Bei einem Grundlagenpapier sind grundsätzlich zwei Varianten denkbar: Entweder handelt es sich um eine rechtsverbindliche Vereinbarung zwischen Unternehmen und Betriebsrat, mit dem die Parteien gegenseitige Rechte und Pflichten begründen wollten. Oder es handelt sich um eine bloße Absichtserklärung, die lediglich dazu dient, zum Beispiel Teilverhandlungsergebnisse festzuhalten und die Bedeutung des geplanten Handelns zu unterstreichen. Eine abschließende Bewertung, was hier der Fall ist, hängt vom Inhalt des Papiers und von den einzelnen Umständen ab, unter denen es zustande gekommen ist.
"Causa Conti": Thesen eines neutralen Experten
Unter Berufung auf eine Absichtserklärung könnten grundsätzlich weder der Betriebsrat noch die Arbeitnehmer erfolgversprechend gegen die geplante Werksschließung vorgehen. Eine solche Absichtserklärung entfaltet nämlich regelmäßig keinerlei Bindungswirkung für die Parteien. Erst aus einer rechtsverbindliche Vereinbarung können unmittelbar Rechte für den Betriebsrat und gegebenenfalls auch für die Arbeitnehmer entstehen, die notfalls auch vor den Arbeitsgerichten durchgesetzt werden können.
Sollte es noch gar nicht zu einer Einigung zwischen Unternehmen und Betriebsrat gekommen sein, weil die Verhandlungen etwa wegen des dramatischen Markteinbruchs abgebrochen wurden und etwaige bis dahin verhandelte Vereinbarungsentwürfe von den Parteien noch gar nicht unterzeichnet wurden, läge noch gar kein Grundlagenpapier vor. Aus einem Entwurf könnten weder das Unternehmen noch der Betriebsrat oder die Arbeitnehmer irgendwelche Rechte herleiten.
Grundsätzlich muss man wissen, dass es für eine Betriebsvereinbarung nur auf den Inhalt der Vereinbarung ankommt und nicht darauf, wie die Parteien die Vereinbarung bezeichnen. Käme man nach den Umständen zu dem Ergebnis, dass eine Betriebsvereinbarung vorliegt, so könnte der Betriebsrat in einem arbeitsgerichtlichen Verfahren den Arbeitgeber auf Durchführung bzw. Einhaltung der Betriebsvereinbarung und auf Unterlassung entgegenstehender Handlungen verklagen. Auch die Arbeitnehmer selbst könnten vor den Arbeitsgerichten klagen, denn eine Betriebsvereinbarung gilt unmittelbar und zwingend für die Arbeitnehmer und entfaltet somit im Betrieb eine Wirkung wie ein Gesetz. Verzichtet ein Unternehmen etwa in einer Betriebsvereinbarung wirksam auf betriebsbedingte Kündigungen, können gekündigte Arbeitnehmer sich darauf berufen.
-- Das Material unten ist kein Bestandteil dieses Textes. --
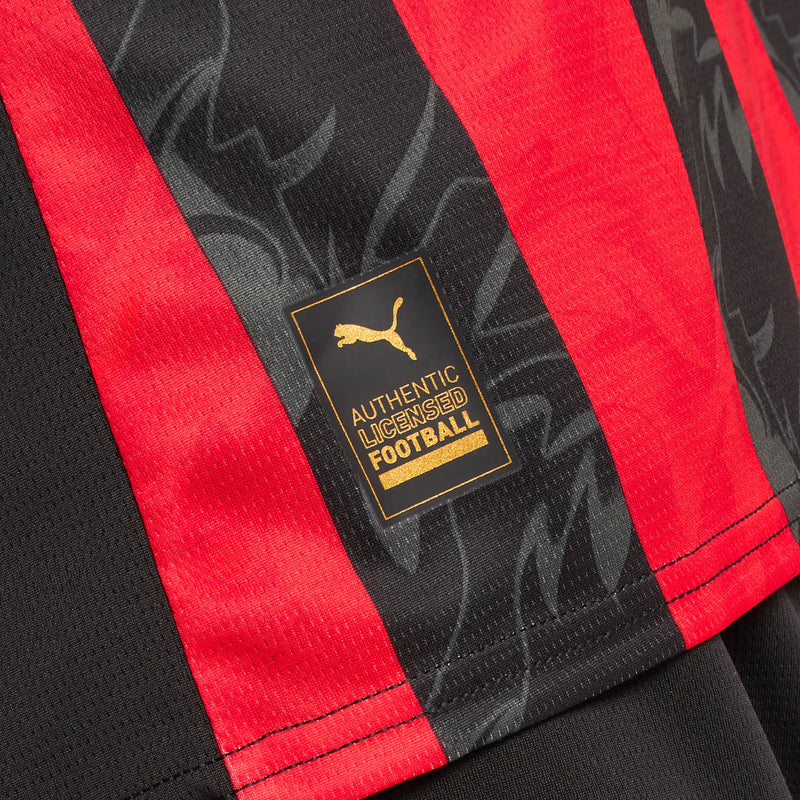 Maillot Home AC Milan 25/26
Sollte es sich zwar um eine rechtsverbindliche Vereinbarung, aber nicht um eine Betriebsvereinbarung handeln, würde man von einer Betriebsabsprache oder Regelungsabrede sprechen. Diese gilt aber nur zwischen den Parteien, also Arbeitgeber und Betriebsrat; Arbeitnehmer können aus einer Betriebsabsprache keine eigenen Rechte herleiten.
Angenommen, es ließe sich das Grundlagenpapier als rechtsverbindlich einstufen, wäre ein Ausstieg in der Tat dann möglich, wenn sich die Umstände oder die wesentlichen Vorstellungen, die zur Grundlage des Vertrages geworden sind, nach Vertragsschluss schwerwiegend verändern oder sich als falsch herausstellen. Und wenn man sagen würde, die Parteien hätten den Vertrag, hätten sie die Veränderungen vorausgesehen, nicht oder nicht so abgeschlossen. Wenn eine Anpassung der Vertrages an die neue Situation nicht möglich oder nicht zumutbar ist, kann jede Partei den Vertrag mit Wirkung für die Zukunft kündigen.